Un référendum s’est tenu le jeudi 3 décembre au Danemark (1). Il a vu la nette victoire du « non » et des eurosceptiques. Au-delà du résultat, ce référendum soulève de multiples interrogations. La première concerne le faible retentissement médiatique de ce référendum en France.
L'étonnant silence de la presse française
On est frappé par la rareté des commentaires dans les médias français. Un simple test le prouve. Une demande de recherche sur Google actualités ne produit que 170 résultats, dont certains ne concernent pas les médias français. Dans une liste d'environ 150 références des médias français (2), on trouve une très large part d'articles qui ne sont que des reprises, soit in extenso soit partielle, de l'article qui a été publié le 3 décembre au soir par l'AFP. La différence avec la presse anglo-saxonne ici saute aux yeux. Les commentaires sur ce référendum ont été nombreux (3).
On constate une nouvelle fois que, quand peuvent se retrouver sur un terrain commun, des souverainistes de gauche et de droite, ces derniers ont une large majorité. Ceci avait déjà été constaté en France lors du référendum de 2005 sur le projet de traité constitutionnel européen. Et ceci gêne sans doute autant, voire plus, les éditorialistes à gages de notre presse nationale que le simple résultat. Cela pourrait donner des idées au bon peuple de France. Voici donc une autre raison de ce silence relatif, et il faut le dire bien intéressé. Ce référendum porte en lui une critique de l'européisme. C'est pourquoi il convient de faire silence dessus. Ah, elle est belle la presse libre en France; elle est belle mais elle est surtout silencieuse quand il convient à ses propriétaires…

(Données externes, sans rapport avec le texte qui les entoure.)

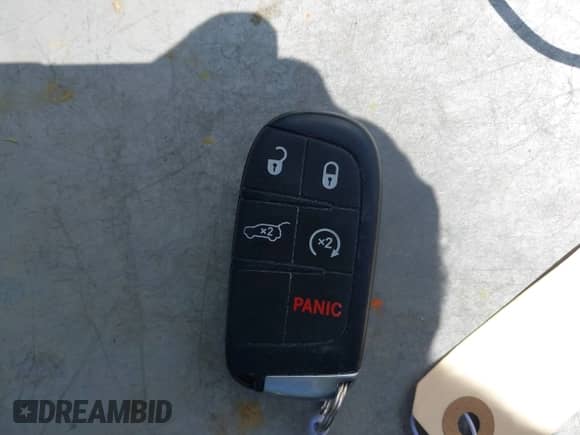 2017 Jeep Grand Cherokee Laredo with VIN 1C4RJEAG1HC846595, listed as a IAAI auction lot 42921296 with 67,895 mi miles and . Bid and sale history available at DreamBid. Image 11.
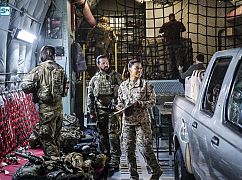 SEAL Team: 1x09 „Rolling Dark” - zdjęcia promocyjne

Dans les rares articles que les journaux, ou les autres médias français, consacrent aux résultats de ce référendum, on pointe avant tout la nature « technique » de la question posée: fallait-il remettre en cause les clauses dites « d'opting-out » négociées par le Danemark avec l'Union européenne pour permettre une meilleure coopération policière entre ce pays et les instances policières européennes (Europol pour les nommer). Mais, si l'énoncé de la question était assurément technique, il faut beaucoup d'aveuglement, bien de la cécité volontaire, pour ne pas voir que la réponse apportée par les danois fut avant tout politique.

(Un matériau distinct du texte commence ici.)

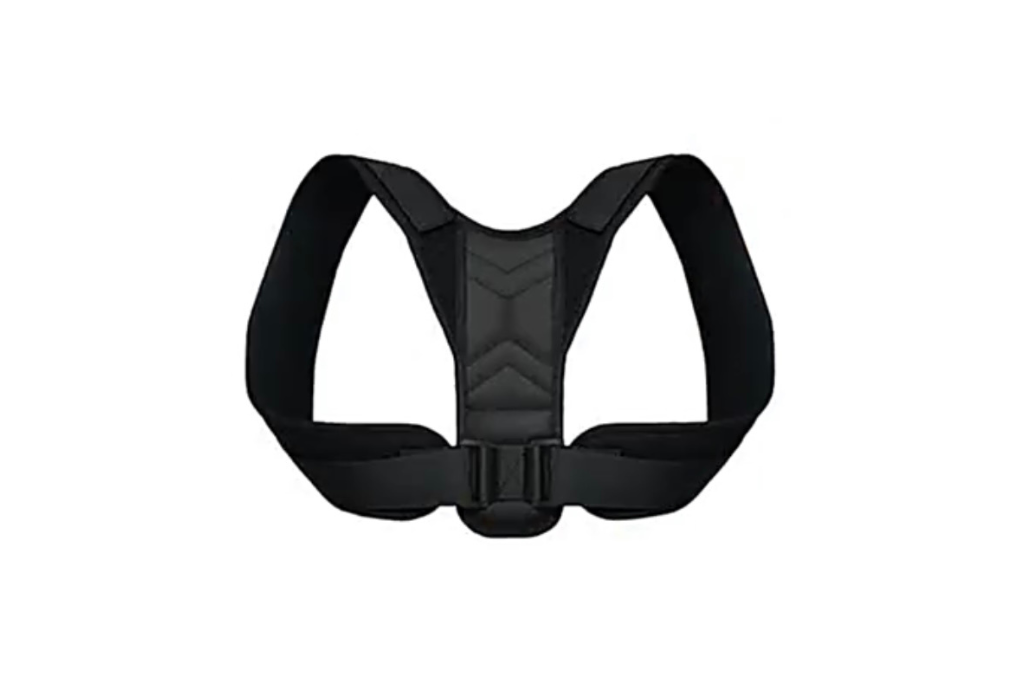 posture corrector support to relieve back pain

Il convient ici de rappeler que ce référendum a connu une forte participation. Près de 72% des électeurs danois se sont déplacés pour voter, ce qui constitue un record dans des référendums portant sur l'Europe. C'est bien la preuve que les danois ont compris que, derrière une apparence technique, la question était bien avant tout politique. D'ailleurs, cette dimension politique ressortait bien de la campagne qui se déroula avant ce référendum. Les questions de la suspension des accords de Schengen, de l'intégration européenne, des coopérations multiples, furent en réalité largement débattues.
L'heure des bilans
Ces bilans vont se multiplier, que les dirigeants le veuillent ou non. La Grande-Bretagne votera sur son appartenance à l'Union européenne en 2016 et, n'en doutons pas, on y suit de très près les implications du référendum danois. On votera sans doute sur la question de l'Euro en Finlande, en 2016 ou en 2017. Ce vote aura aussi une importante signification. Mais, surtout, c'est dans sa pratique au jour le jour que l'Union européenne sera confrontée à cette demande de bilan.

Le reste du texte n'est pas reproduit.